Bacterial vaginosis (BV) is yet another infection associated with an increased risk for preterm labor and delivery. It is a common lower genital tract infection found in approximately 20% to 40% of African-American women and 10% to 15% of white women. This condition is a clinical syndrome characterized by a decrease in the normal vaginal lactobacilli-dominant microflora and a compensatory predominance of bacteria such as Gardnerella vaginalis, Prevotella, Bacteroides, Peptostreptococcus, Mobiluncus, Mycoplasma hominis, and Ureaplasma urealyticum. Characteristically, patients with symptomatic BV complain of a watery, homogeneous grayish discharge with a fishy amine odor.

As above, BV has been associated with increased risk for preterm birth, particularly early preterm deliveries. Nearly 40% of early spontaneous preterm births, especially among African-American women, may be attributable to BV. Two randomized clinical trials demonstrated that treating BV in patients who are at high risk for preterm delivery resulted in substantial reductions in preterm birth rates.81,132 Importantly, though, treatment of BV appears to be effective only in this high-risk population. Data from studies involving treatment of low-risk women with asymptomatic BV failed to demonstrate a reduction in preterm delivery rates.^23,120

The majority of women with BV never manifest any signs or adverse outcomes related to the infection, and it is likely that BV is only a surrogate marker for a more important, presently unrecognized condition that may be the cause of the preterm birth. For example, one compelling theory is that BV is a marker for occult upper genital tract infection. According to this theory, premature births attributed to BV may instead be related to an associated upper genital tract infection, whereas treatment of BV in high-risk patients may be effective in preventing preterm delivery by inadvertently treating these unrecognized infections.

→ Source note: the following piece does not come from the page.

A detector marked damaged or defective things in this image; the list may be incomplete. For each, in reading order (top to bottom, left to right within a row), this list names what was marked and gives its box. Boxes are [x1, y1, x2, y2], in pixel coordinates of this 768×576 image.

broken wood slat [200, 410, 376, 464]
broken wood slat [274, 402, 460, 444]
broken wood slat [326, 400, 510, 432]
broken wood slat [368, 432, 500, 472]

Many other maternal infections or colonizations have been reportedly associated with preterm birth. One of the difficult questions to address is whether these relationships are causal or associative. Gonorrhea, chlamydia, trichomonas, syphilis, and other genital pathogens are more frequently found in women who have a spontaneous preterm birth. For example, gonorrhea, chlamydia, and syphilis have all been associated with a twofold increased risk for preterm delivery, and trichomonas has been associated with a 1.3-fold increased risk. Furthermore, many other sexually transmitted infections (e.g., human immunodeficiency virus, hepatitis B, and genital herpes simplex virus) have been associated with an increased risk for spontaneous preterm birth in some, but not most, studies. Importantly, the women affected by these infections often have other risk factors for preterm birth (e.g., low socioeconomic status, malnutrition, smoking, substance abuse, bacterial vaginosis). These confounding variables make it difficult to establish causality.

Other Risk Factors

A variety of other factors have been associated with an increased risk for preterm labor (see Box 20-1), including the following:

Classic Predictors

Cervical change is the first of the classic clinical predictors of preterm birth. Mortensen and co-workers divided 1300 women into high- and low-risk groups on the basis of various risk factors, evaluating these patients for evidence of cervical change at 24, 28, and 32 weeks’ gestation.¹³⁴ Cervical change in the low-risk group was an extremely poor predictor of preterm delivery, with a positive predictive value of only 4%.¹³⁴ In the high-risk group, the predictive value was 25% to 30%, with a sensitivity of 65%, indicating improved, but far from perfect, predictability in this group.¹³⁴

Another potentially important clinical factor is the presence of uterine contractions. An association has been noted between the reported presence of contractions and preterm delivery. Despite this, monitoring of contractions (i.e., using a home tocometer) is not clinically useful in defining the population of women at a particularly high risk for spontaneous preterm birth.⁸⁹ Use of home uterine monitoring is therefore not recommended.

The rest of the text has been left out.